Iran resumes gasoline imports

Fuel-hungry Iran has bought several cargoes of gasoline for delivery in September, which oil traders say may mean Tehran is still financing imports, despite a threat to stop and impose politically risky fuel rationing.

Iran's reliance on imported gasoline could be a weak point were it subject to international sanctions in a dispute with the West over its nuclear programme.

Even without sanctions, the rising cost of the fuel drains away the OPEC nation's oil wealth.
. . .
Iran has been spending billions of dollars a year to feed a an expanding fleet of cars featuring many carefully maintained 1960's models that burn rapidly through the costly imported gasoline, lavishly subsidized at a price of 9 cents per litre."They cannot resist the demand," a trade source said.

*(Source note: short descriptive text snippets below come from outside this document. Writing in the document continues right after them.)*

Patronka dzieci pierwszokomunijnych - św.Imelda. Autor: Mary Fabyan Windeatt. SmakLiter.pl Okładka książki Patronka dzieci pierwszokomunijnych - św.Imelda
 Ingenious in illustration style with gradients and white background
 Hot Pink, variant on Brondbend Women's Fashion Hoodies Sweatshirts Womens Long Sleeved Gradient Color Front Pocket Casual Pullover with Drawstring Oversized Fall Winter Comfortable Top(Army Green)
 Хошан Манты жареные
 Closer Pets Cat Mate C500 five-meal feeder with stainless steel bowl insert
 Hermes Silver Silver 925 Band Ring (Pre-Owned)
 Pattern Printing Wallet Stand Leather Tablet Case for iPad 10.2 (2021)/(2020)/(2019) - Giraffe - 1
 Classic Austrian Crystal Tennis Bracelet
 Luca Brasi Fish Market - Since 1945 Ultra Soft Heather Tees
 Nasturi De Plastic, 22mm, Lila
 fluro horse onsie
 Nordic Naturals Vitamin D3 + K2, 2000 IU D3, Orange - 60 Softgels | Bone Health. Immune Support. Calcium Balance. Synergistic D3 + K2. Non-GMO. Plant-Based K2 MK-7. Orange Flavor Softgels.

Over the past two years, the republic has been one of the world's largest consumers of imported fuel, buying between 15 and 20 cargoes of gasoline per month, amounting to 189,000 barrels per day.

That is roughly 1/6 the volume imported by the biggest buyer of the world's excess gasoline, the United States.

But this year, Iran's government called a halt to the expensive subsidies and said Iran would have to get by on its own refining capacity, capable of satisfying only about 60 percent of its 70-million-litre-per-day gasoline needs.

The fuel import budget was capped at $2.5 billion in the year to March 2007, down from $4 billion the previous year.
. . .
Trade sources say Iran's imports have also varied recently with its success in combating smuggling.

The subsidies fuel a burgeoning black market, re-selling the imported gasoline to Iran's neighbours, which can run to a rate of 10 million litres per day, according to one estimate.

The fuel leaves for Iraq, Pakistan, the United Arab Emirates and other Gulf countries by all available means, including makeshift underwater tanks tied to vessels departing Iran, and even on camel back.
Iran is afraid of its own people. It would be so much wealthier if it had the trust of its people to rationalize gas prices, and redeploy the subsidies to money better spent. But it doesn't have that trust. So it uses continues to subsidize gasoline, a transfer that is easily seen and widely dispersed - and not so easily corrupted as would be other government spending. And create international tension to incite more fervent internal support.